ECLI:NL:CRVB:2016:530
Centrale Raad van Beroep
- Hoger beroep
- Rechtspraak.nl
Hoger beroep tegen besluit Uwv inzake WIA-uitkering en vergoeding wettelijke rente
In deze zaak gaat het om een hoger beroep van appellant tegen een besluit van het Uitvoeringsinstituut werknemersverzekeringen (Uwv) inzake de Wet werk en inkomen naar arbeidsvermogen (Wet WIA). Appellant had eerder een besluit ontvangen waarin werd vastgesteld dat hij met ingang van 5 oktober 2011 minder dan 35% arbeidsongeschikt was, waardoor hij geen recht had op een uitkering.
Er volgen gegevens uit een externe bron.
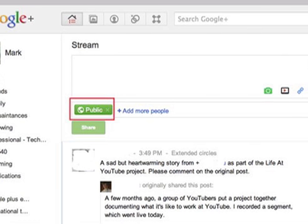Once you click within this box to add text, a link, or a photo, the designated audience for the content is identified. This may not be the audience you intend — it will be the last audience you shared content with.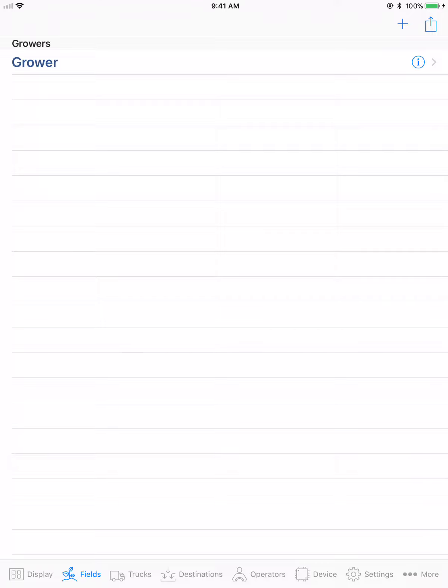Exporting at the grower level constructs an email with a CSV file attachment that contains recorded data for all growers, farms, and all fields. This file can be opened up with Excel or other spreadsheet software.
Dit besluit werd in een later stadium door de rechtbank ongegrond verklaard. Echter, het Uwv heeft op 28 januari 2015 het bezwaar van appellant alsnog gegrond verklaard en vastgesteld dat appellant recht heeft op een loongerelateerde WGA-uitkering. Appellant heeft in verband met dit gewijzigde besluit verzocht om vergoeding van wettelijke rente en proceskosten, waaronder kosten voor een orthopedische expertise. De Centrale Raad van Beroep heeft geoordeeld dat het Uwv het bestreden besluit niet langer handhaaft en volledig tegemoet is gekomen aan de verzoeken van appellant. De Raad heeft het Uwv veroordeeld tot vergoeding van de wettelijke rente en de proceskosten van appellant, die in totaal € 2.570,90 bedragen. De uitspraak is gedaan door I.M.J. Hilhorst-Hagen, in tegenwoordigheid van P. Boer als griffier, en is openbaar uitgesproken op 12 februari 2016.